You are viewing a plain text version of this content. The canonical link for it is here.

Posted to java-user@lucene.apache.org by "Russell M. Allen" <Ru...@aebn.net> on 2006/07/14 20:59:08 UTC

PrefixQuery rewrite() bug, ignores max clause count

We recently ran into an issue while executing a simple prefix search
"name:b*", which results in a BooleanQuery$TooManyClauses exception.  At
first I found it odd that a single clause query was causing this, but as
I dug into the code I found where the PrefixQuery rewrites itself as a
BooleanQuery.  Unfortunately, it doesn't respect the maxClauseCount of
the BooleanQuery in the process.  Thus, when we hit a sufficiently large
number of results, this causes the TooManyClauses exception that a
number of people have posted about.
 
Here is the code now (1.9.1):

	public class PrefixQuery extends Query {
	...
	  public Query rewrite(IndexReader reader) throws IOException {
	    BooleanQuery query = new BooleanQuery(true);
	    TermEnum enumerator = reader.terms(prefix);
	    try {
	      String prefixText = prefix.text();
	      String prefixField = prefix.field();
	      do {
	        Term term = enumerator.term();
	        if (term != null &&
	            term.text().startsWith(prefixText) &&
	            term.field() == prefixField) {
	          TermQuery tq = new TermQuery(term);   // found a match
	          tq.setBoost(getBoost());                // set the
boost
	          query.add(tq, BooleanClause.Occur.SHOULD);    // add
to query
	          //System.out.println("added " + term);
	        } else {
	          break;
	        }
	      } while (enumerator.next());
	    } finally {
	      enumerator.close();
	    }
	    return query;
	  }
	...
	}

I am no expert, but I suspect all that is needed is to watch for the max
clause count and then 'chunk' the boolean query.  I think the following
should work (changes in blue):
 
    BooleanQuery query= new BooleanQuery(true);
    TermEnum enumerator = reader.terms(prefix);
    try {
      String prefixText = prefix.text();
      String prefixField = prefix.field();
      int count = 0;
      do {
        Term term = enumerator.term();
        if (term != null &&
              term.text().startsWith(prefixText) &&
              term.field() == prefixField) {
          count++;
          TermQuery tq = new TermQuery(term);   // found a match
          tq.setBoost(getBoost());                // set the boost
          if (count >= query.getMaxClauseCount()) {
            BooleanQuery subQuery = query;
            query = new BooleanQuery(true);
            query.add(subQuery, BooleanClause.Occur.SHOULD);
            count = 1;  //reset count to 1 (the sub query)
          }
          query.add(tq, BooleanClause.Occur.SHOULD);    // add to query
          //System.out.println("added " + term);
        } else {
          break;
        }
      } while (enumerator.next());
    } finally {
      enumerator.close();
    }
    return query;
  }
 
 
 
Thanks,
Russell Allen

RE: PrefixQuery rewrite() bug, ignores max clause count

Posted by Chris Hostetter <ho...@fucit.org>.
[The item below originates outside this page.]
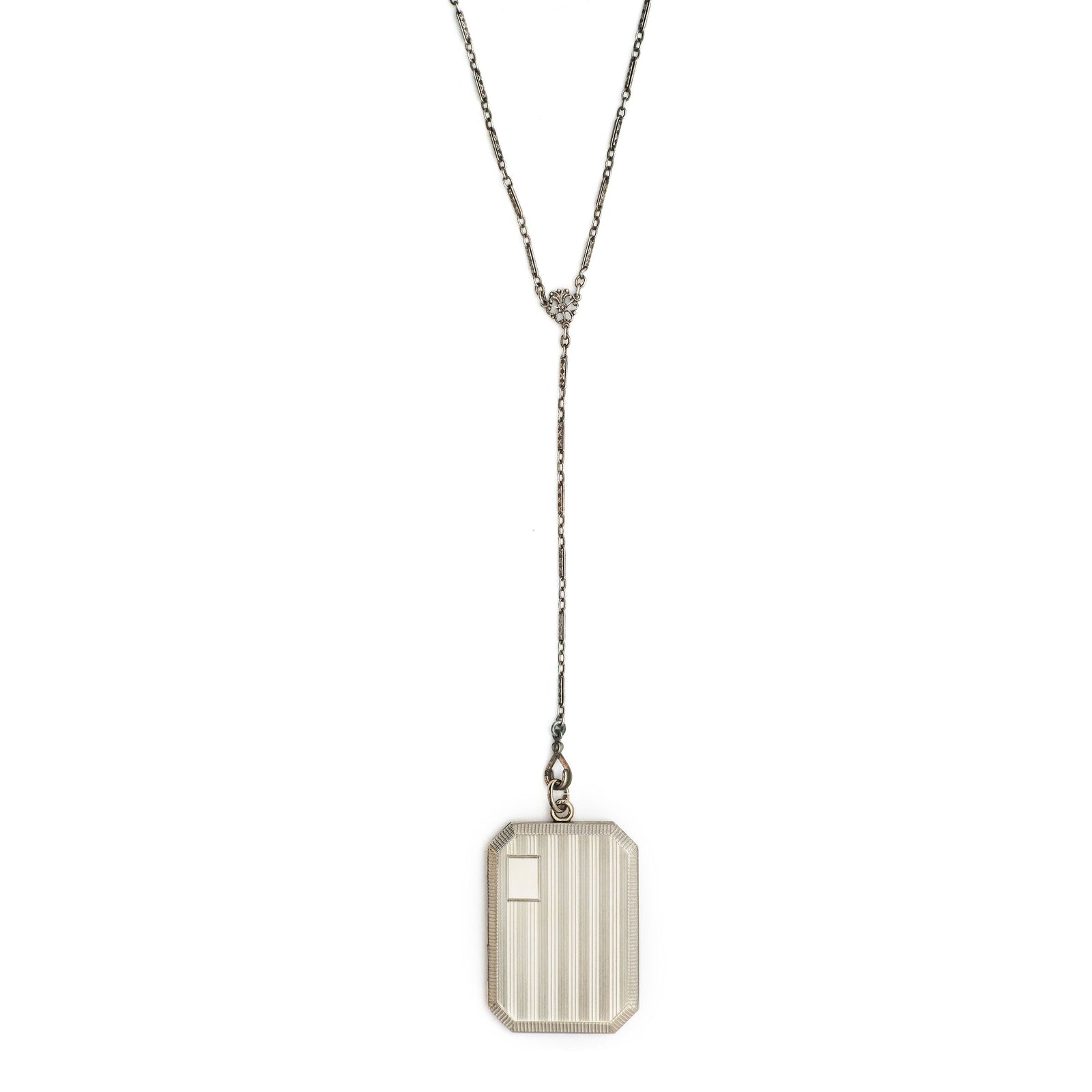 Deco Pinstripe Rectangle Locket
: I understand the concern for resources, but by throwing an exception you
: have also preempted a legitimate query.  How then should one go about
: performing a query for all document where a field begins with char X?
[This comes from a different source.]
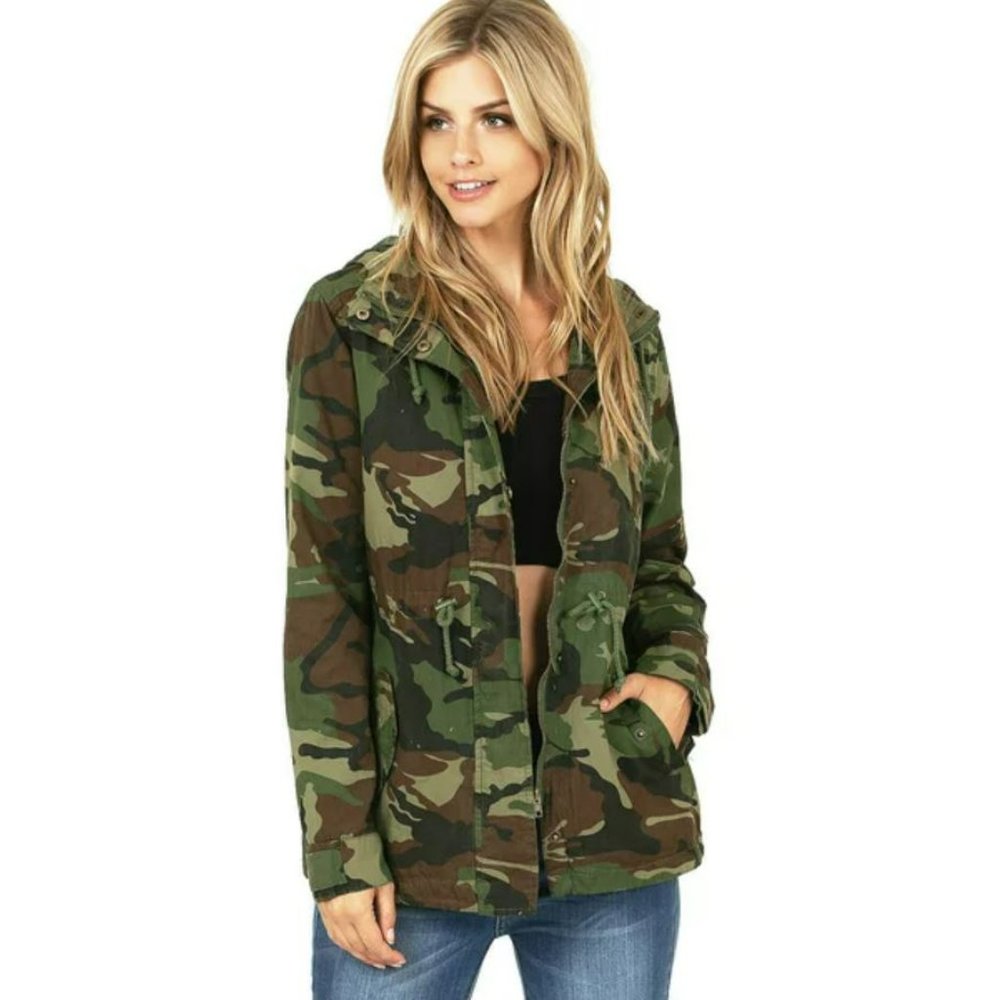Ambiance Camo Utility Jacket Women Small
that's the rub .. the "legitimacy" of the query is based on the index it
is executed against, and the maxClauseCount configured for that app .. a
prefix query for b* may be perfectly legitimate in a small index, but very
very bad in another ... that's what that exception is warning you about:
for your index, and your current maxClauseCount configuration, that query
is not legal.

: IMHO, both your concern for resources and the ability to query for
: "name:b*" are legitimate.  Perhaps PrefixeQuery should be able to
: gracefully degrade when it hits resource limits.  I admit I am at the

this has been discussed before, and the crux of the issue is that by
throwing this exception, PrefixQuery (or any other query that rewrites to
a BooleanQUery) is giving you the information you need to make your app
degrade in whatever way you want (gracefull or otherwise).  In apps like
Solr, RangeQueries are by based completely to prevent this problem,
PrefixQueries could likewise be avoided ... i believe Nutch may acutally
have something like what you describe (where if a query cases a toomancy
clauses exception, it rewrites that clause into a filter)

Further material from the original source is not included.